From a mere look of that chair, he was able to say that the chair belonged to the railways, not with standing the fact that the chair was not containing any mark. Such evidence cannot be brushed aside, as one can very well visualise in day-to-day life that one can identify a property as his, by his long association with such property, not with standing the fact that such property is not bearing any identification mark, inasmuch as an intranslavable impression had been formed in his mind, so as to come to a conclusion that by a very look of such a property, he would be able to identify that it was his property. Applying such a principle, the evidence of P.W.3 as to the identity of one of the chairs as belonging to the railways, even in the absence of any mark thereon cannot be belittled.

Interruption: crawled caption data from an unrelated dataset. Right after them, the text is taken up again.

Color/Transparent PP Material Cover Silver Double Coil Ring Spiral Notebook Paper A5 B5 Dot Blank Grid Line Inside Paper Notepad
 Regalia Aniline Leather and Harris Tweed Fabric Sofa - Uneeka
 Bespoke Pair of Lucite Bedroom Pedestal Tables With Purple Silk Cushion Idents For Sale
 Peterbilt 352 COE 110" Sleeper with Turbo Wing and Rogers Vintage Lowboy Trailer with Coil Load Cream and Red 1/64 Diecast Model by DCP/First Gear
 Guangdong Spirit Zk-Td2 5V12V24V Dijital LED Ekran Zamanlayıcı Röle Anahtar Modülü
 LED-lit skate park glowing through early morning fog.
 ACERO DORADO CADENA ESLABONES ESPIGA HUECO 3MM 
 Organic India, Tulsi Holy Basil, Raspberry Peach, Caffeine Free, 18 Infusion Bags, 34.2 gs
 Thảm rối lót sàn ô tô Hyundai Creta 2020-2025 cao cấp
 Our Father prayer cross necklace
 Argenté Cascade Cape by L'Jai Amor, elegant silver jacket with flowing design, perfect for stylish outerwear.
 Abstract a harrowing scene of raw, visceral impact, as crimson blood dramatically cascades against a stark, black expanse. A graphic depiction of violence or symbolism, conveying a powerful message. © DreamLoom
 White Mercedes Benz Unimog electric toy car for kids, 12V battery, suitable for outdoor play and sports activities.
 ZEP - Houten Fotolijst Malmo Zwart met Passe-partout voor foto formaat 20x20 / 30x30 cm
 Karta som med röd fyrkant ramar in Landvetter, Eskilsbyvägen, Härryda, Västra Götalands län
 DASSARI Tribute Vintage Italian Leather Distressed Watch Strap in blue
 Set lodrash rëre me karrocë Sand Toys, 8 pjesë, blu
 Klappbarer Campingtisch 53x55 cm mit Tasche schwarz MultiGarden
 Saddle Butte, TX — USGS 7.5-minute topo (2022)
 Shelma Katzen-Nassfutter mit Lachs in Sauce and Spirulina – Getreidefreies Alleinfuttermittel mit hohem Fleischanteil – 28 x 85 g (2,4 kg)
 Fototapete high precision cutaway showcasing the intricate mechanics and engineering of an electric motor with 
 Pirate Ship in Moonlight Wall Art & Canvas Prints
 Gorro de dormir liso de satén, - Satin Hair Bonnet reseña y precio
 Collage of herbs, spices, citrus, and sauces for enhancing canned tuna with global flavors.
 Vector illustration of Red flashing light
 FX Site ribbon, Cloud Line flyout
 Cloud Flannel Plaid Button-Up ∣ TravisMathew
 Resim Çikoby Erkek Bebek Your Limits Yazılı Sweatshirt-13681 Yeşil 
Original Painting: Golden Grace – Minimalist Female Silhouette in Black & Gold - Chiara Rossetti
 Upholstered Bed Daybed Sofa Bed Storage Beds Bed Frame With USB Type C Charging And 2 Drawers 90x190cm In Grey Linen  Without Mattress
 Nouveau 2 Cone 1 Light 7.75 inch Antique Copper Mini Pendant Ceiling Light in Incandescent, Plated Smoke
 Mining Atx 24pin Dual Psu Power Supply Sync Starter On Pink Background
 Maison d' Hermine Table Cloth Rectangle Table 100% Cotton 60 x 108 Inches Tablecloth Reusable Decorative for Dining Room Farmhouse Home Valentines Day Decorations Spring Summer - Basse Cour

As such, both the Courts below have correctly sifted and placed reliance on the evidence of P.W.3 as those chairs belonging to the railways. 8. Under Sec.3 of the Act, once the properties are proved to be railway properties, then it is for the accused, from whose possession the properties were seized, to prove that he came into possession of such properties lawfully and in the absence of such proof forthcoming, it goes without saying that such a person had been in unlawful possession of the railway properties, thereby liable to be punished for such unlawful possession. Nothing is traceable or available on record as to any material forthcoming from the side of the accused pointing out that he came into possession of the four A/c. chairs in a lawful way. 9. In this view of the matter, or the reasons as above, the revision deserved to be dismissed and is accordingly dismissed.